Research Article | Open Access

Volume 2020 | Article ID 1341563 | https://doi.org/10.1155/2020/1341563

Hydrothermal Catalytic Conversion of Glucose into Lactic Acid with Acidic MIL-101(Fe)

Xiaofang Liu,¹Zhigang Liu,¹Qiuyun Zhang,²Hongguo Wu,³and Rui Wang¹

Academic Editor: Hassan Arida

Received23 Dec 2019

Revised26 Feb 2020

Accepted02 Mar 2020

Published13 Apr 2020

Abstract

MIL-101(Fe) was explored for the first time for the catalytic conversion of glucose into lactic acid (LA). The as-synthesized MIL-101(Fe) was successfully characterized, and its higher specific surface area, porosity, and feasible acid properties were confirmed to determine the remarkable catalytic activity in glucose-to-LA conversion (up to 25.4% yield) compared with other catalysts like MIL-101(Cr, Al) and UiO-66(Zr). The reaction parameters including temperature, reaction time, and substrate species as well as catalyst reusability were discussed.

1. Introduction

Lactic acid (LA), the most versatile biomass-derived platform molecule, has made numerous contributions in the food industry, cosmetic, and chemical industries [1, 2]. It is also a significant building block for the formation of large-scale noticeable intermediates, such as propylene glycol, 2,3-pentanedione, pyruvic acid, and alkyl lactates [3]. Furthermore, LA is the feedstock for the manufacture of biodegradable plastics such as polylactic acid, a potential candidate to supersede petroleum-derived polymers.

Currently, LA is primarily prepared through the conventional biotechnological process via the fermentation of carbohydrates [1]. For the sake of conquering the detriments including high enzyme cost, low space-time yield, undesirable waste effluents, and large complexity in purification of the bio-fermentation technology, significant efforts have been paid for the effective chemical catalytic processes for obtaining LA from biomass-based material with satisfactory yield and selectivity under moderate conditions [4–8].

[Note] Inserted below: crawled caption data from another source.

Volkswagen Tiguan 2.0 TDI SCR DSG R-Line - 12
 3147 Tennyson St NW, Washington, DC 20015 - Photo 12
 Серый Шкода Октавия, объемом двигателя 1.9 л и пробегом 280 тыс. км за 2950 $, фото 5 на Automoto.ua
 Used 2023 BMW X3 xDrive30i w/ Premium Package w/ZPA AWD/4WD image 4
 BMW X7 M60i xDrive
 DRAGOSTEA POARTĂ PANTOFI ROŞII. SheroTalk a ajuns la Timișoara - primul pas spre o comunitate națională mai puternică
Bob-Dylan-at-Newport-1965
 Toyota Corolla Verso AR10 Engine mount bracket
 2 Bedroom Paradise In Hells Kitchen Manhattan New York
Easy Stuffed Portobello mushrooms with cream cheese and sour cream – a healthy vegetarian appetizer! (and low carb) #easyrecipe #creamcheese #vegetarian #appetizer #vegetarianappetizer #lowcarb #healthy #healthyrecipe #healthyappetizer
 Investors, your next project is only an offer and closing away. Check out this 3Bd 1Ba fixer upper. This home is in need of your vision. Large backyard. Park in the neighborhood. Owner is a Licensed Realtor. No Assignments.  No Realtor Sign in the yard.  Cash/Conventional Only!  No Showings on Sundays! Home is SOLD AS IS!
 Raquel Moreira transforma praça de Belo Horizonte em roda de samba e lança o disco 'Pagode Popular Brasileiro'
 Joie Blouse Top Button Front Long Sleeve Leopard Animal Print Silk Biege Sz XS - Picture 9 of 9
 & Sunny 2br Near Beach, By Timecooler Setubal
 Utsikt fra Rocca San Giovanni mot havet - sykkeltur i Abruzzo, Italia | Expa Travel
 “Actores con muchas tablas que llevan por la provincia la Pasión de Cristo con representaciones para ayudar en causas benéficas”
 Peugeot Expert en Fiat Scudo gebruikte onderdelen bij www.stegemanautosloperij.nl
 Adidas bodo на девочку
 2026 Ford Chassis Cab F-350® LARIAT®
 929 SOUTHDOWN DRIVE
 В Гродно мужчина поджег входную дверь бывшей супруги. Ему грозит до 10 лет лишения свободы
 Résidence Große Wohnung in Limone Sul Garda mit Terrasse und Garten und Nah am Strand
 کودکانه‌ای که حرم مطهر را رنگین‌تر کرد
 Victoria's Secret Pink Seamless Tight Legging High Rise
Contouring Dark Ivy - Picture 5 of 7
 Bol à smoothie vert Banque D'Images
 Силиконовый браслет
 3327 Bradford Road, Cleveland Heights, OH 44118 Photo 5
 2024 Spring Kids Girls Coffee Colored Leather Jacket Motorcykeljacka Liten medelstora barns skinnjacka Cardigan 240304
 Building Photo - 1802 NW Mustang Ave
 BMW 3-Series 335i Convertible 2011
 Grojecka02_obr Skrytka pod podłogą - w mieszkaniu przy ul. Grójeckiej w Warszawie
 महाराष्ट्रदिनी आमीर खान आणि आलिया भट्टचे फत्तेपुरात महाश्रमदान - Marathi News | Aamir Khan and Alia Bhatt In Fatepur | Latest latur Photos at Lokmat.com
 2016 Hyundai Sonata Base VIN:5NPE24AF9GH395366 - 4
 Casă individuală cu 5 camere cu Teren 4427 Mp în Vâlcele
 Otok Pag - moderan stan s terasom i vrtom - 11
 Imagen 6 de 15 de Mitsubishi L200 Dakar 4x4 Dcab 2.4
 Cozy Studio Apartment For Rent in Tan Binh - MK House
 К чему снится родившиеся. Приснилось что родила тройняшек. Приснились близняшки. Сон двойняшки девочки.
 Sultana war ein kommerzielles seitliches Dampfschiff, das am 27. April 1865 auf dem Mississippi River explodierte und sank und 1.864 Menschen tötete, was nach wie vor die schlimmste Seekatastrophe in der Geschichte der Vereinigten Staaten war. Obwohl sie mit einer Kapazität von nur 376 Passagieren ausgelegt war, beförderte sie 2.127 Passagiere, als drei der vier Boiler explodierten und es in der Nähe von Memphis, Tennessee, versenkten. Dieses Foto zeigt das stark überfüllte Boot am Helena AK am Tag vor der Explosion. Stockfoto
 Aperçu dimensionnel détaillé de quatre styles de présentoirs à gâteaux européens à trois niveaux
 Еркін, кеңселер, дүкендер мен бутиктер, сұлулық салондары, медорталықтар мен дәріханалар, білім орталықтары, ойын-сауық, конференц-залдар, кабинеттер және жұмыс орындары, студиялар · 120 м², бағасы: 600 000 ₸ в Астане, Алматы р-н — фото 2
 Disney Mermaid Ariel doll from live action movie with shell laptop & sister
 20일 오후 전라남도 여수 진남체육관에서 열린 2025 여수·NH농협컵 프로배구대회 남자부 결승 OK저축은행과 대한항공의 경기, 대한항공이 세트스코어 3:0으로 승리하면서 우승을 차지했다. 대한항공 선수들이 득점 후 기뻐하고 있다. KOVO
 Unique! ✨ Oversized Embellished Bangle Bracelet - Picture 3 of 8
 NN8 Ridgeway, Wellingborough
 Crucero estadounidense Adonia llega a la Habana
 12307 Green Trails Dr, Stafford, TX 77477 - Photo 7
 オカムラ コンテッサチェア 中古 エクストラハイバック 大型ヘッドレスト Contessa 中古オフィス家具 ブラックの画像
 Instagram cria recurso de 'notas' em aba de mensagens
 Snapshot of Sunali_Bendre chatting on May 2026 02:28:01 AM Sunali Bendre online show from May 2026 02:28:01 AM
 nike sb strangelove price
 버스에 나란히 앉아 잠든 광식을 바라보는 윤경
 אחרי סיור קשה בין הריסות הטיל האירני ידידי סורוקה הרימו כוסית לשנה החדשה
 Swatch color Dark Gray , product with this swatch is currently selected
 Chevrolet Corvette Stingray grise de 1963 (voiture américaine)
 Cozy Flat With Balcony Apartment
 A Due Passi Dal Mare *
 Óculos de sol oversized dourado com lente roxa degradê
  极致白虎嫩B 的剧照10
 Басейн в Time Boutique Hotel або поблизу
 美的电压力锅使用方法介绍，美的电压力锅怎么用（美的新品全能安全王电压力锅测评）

In comparison with homogeneous catalysts, solid catalysts can be readily recovered without any substantial change in catalytic effectiveness. Metal-organic framework (MOF) catalysts showed excellent catalytic efficiency [9–11] in the transformation of carbohydrates to LA due to their structural properties. MOFs drew notable attention on account of the unique properties, such as extremely high surface areas, tunable pore volumes, adjustable pores, and multifunctionalization [12–15]. The existence of coordinatively unsaturated metal sites (CUS) in MOFs facilitates their interactions with substrates, the metal ion, or cluster serving as Lewis acid or redox center [16, 17]. MIL-101 as an efficient Lewis acid catalyst is able to catalyze the benzaldehyde cyanosilylation reaction [18], carboxylation of epoxides [19], and benzylic oxidation of tetralin [20].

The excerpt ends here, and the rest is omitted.